How Can We Help?

How to Build an Uplift Pipeline

Cortex is an easy-to-use platform that enables anyone to automate Machine Learning Pipelines from continuous streams of event data. In this guide, we’ll show you how to use an Uplift pipeline in Cortex to predict the impact of an intervention on each user’s future behavior.

What are Uplift pipelines?

Predictions from an Uplift pipeline answer the question: how is one intervention expected to influence each user’s likelihood of converting in the future? Your intervention can be any action that you take or experience that you provide in order to influence user behavior. Your definition of “converting” can be defined based on any event data that is being tracked and sent to Cortex.

The predictions from an Uplift pipeline range from 0-1, where a higher prediction means that your intervention will have a larger impact on the user’s likelihood of converting.

Before you can build an Uplift pipeline, you must first run an A/B test so that some users receive your intervention (treatment group), and other users do not (control group). It’s important that this A/B test is randomized — that is, both the treatment and control group should be made up of users selected entirely at random. This allows Cortex to gather unbiased data on how users respond to your intervention.

Note that while we’ll be using the example of predicting uplift on user behavior, your Cortex account can be configured to make predictions about any type of object tied to your event data (e.g. commerce items, media content, home listings, etc.).

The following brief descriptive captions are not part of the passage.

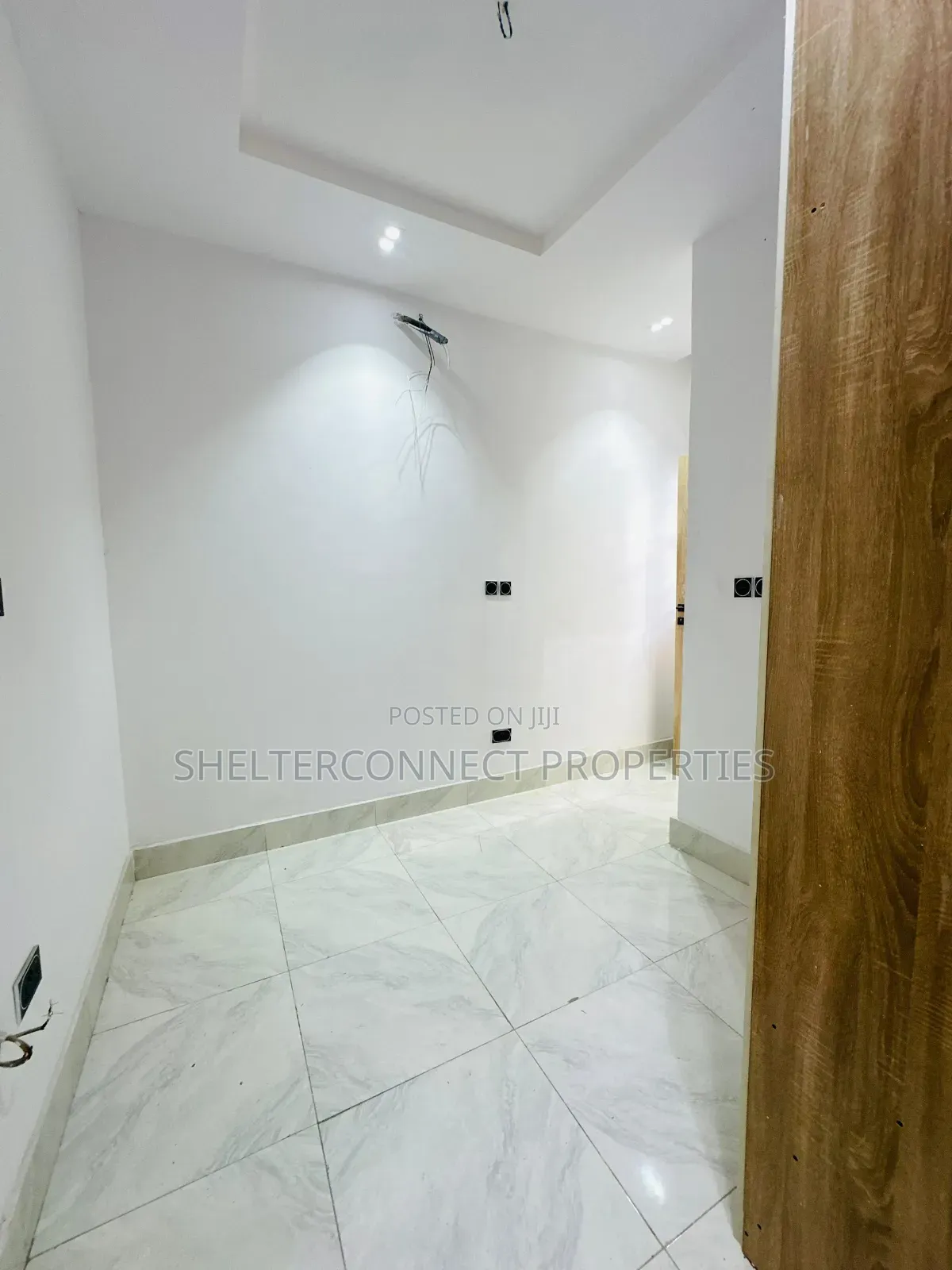 3bdrm Duplex in Thomas Estate for sale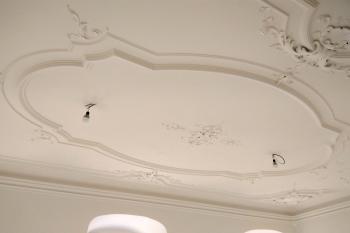 štukové zrcadlo sálu v patře zámku (© Jan P. Štěpánek 09/2017)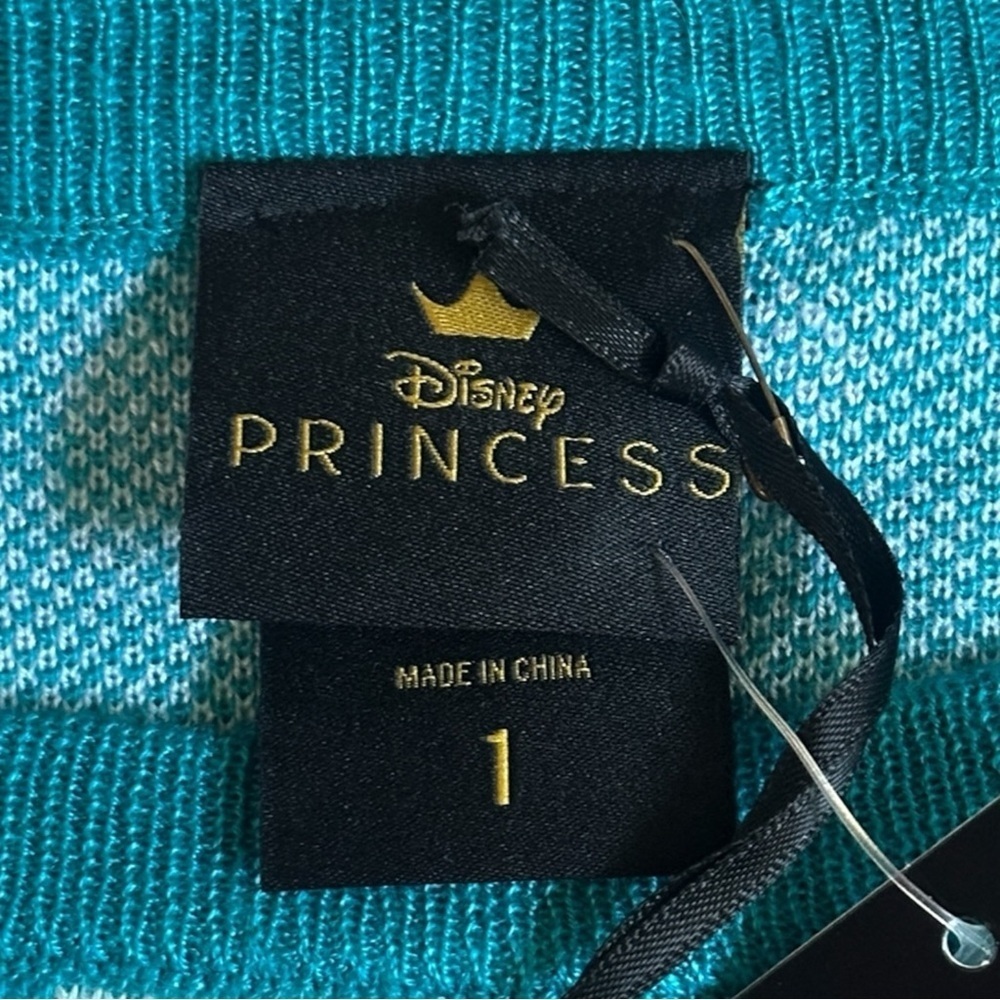 Torrid Disney Princess Ariel Fair Isle Sweater Little Mermaid NWT 1X 14/16 Knit - Picture 6 of 9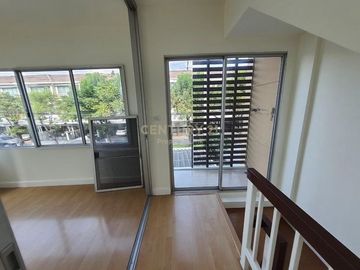 Townhome for sale, Town Plus Village, Huamark, Krungthep Kreetha 7, fully furnished. Ready to move in/52-TH-65109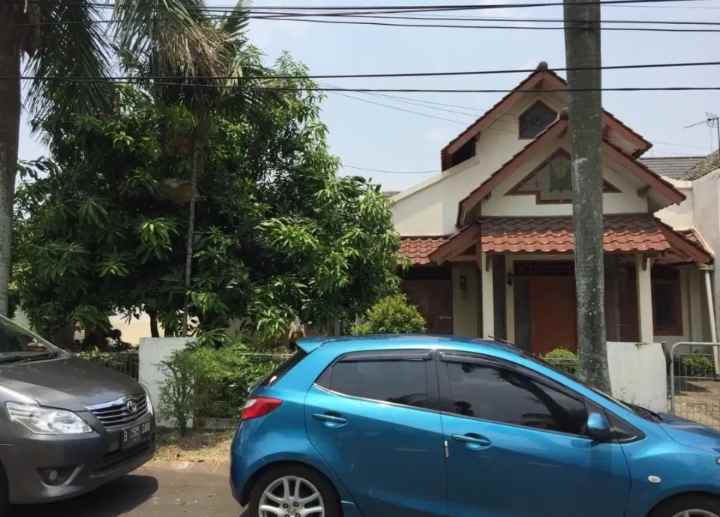 dijual rumah villa bintaro regency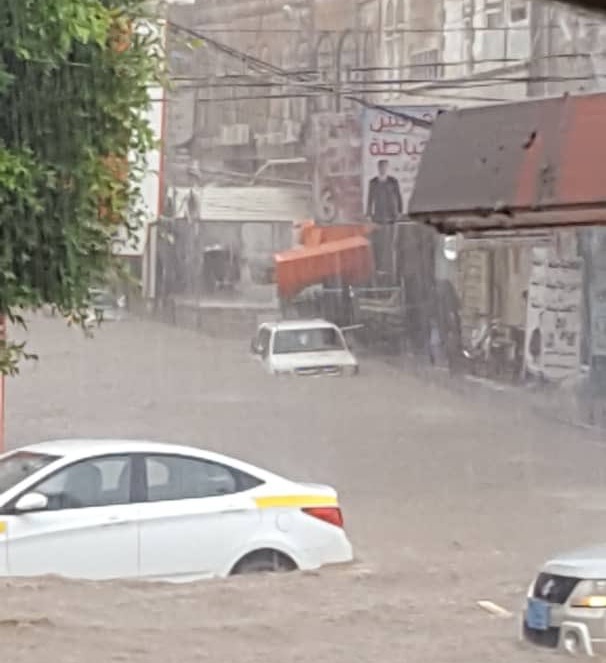 صنعاء....مدينة تحت الماء (صور+فيديوهات)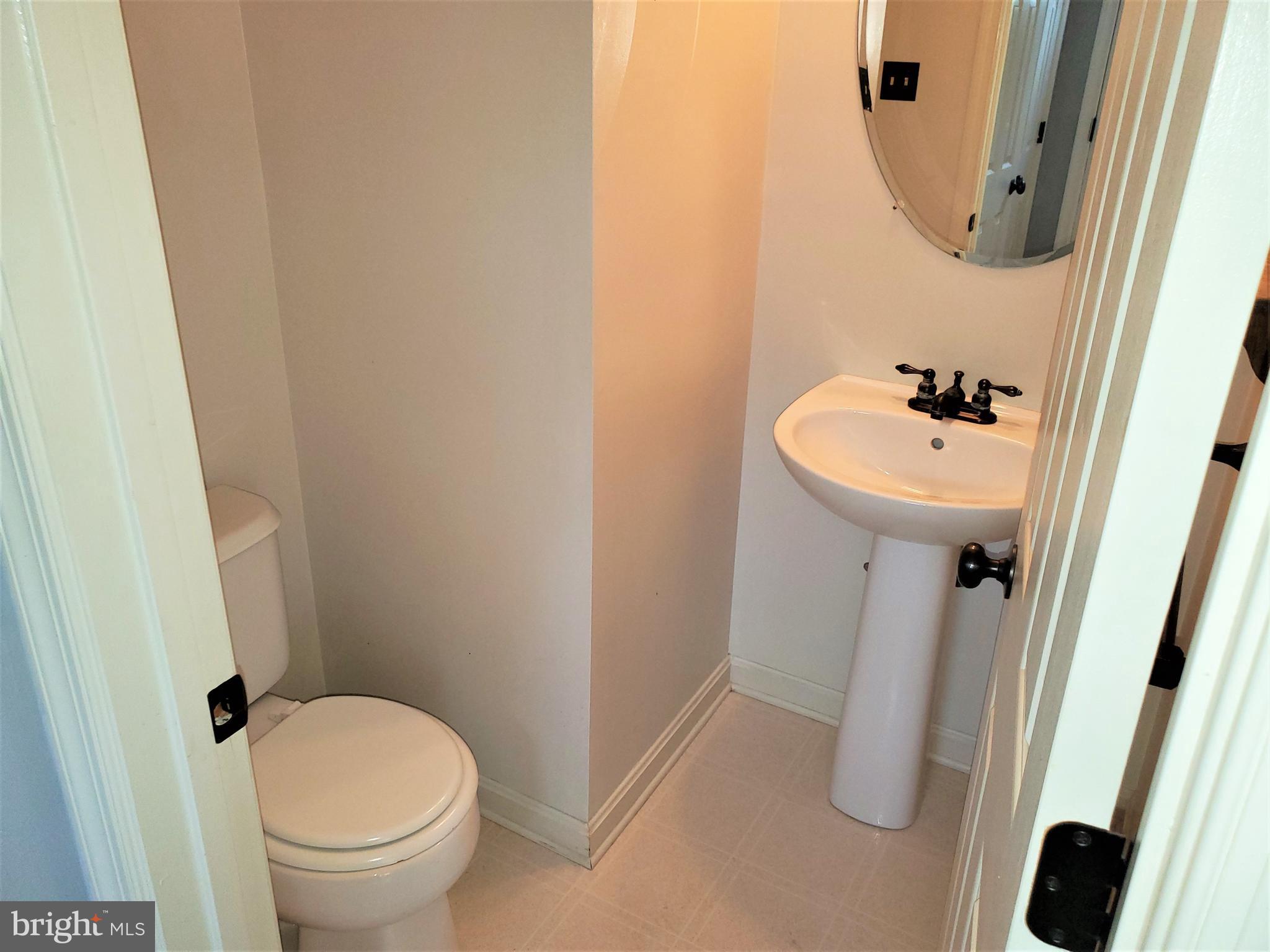 505 Buttonwoods Road Elkton, MD 21921 - Photo 7 of 17 Half bath
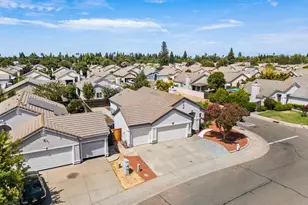 4408 Hedge Ave, Sacramento, CA 95826 - Photo 3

When should I use an Uplift pipeline?

Like a Future Events pipeline, Uplift is used to predict whether each user is likely to convert in the future. But while Future Events pipelines predict whether each user will convert if left to their own devices, Uplift predicts whether the user will be more likely to convert if you apply some intervention compared to if you left them alone. Sample use cases include maximizing the ROI of a marketing campaign by predicting which users will respond positively to that campaign.

Uplift modeling can be extremely valuable for the right applications, but it’s not a silver bullet. What’s more, the added A/B testing requirement can be a strain on internal resources, so it’s important to know when the rewards might be worth that extra effort. Uplift modeling tends to work well when…

  • Your goal is to impact short-term user behavior (e.g. a transaction). If instead your goal is to generally strengthen the customer relationship or impact longer term metrics like CLV, Future Events may be a better choice.
  • You have powerful incentives at your disposal. If your intervention can’t meaningfully sway customer behavior, there may not be any uplift for your pipeline to find.

The following diagram will help explain which pipeline type is best suited for different predictions.

What are Examples of Uplift pipelines?

Uplift Pipeline Examples

How do I build these pipelines in Cortex?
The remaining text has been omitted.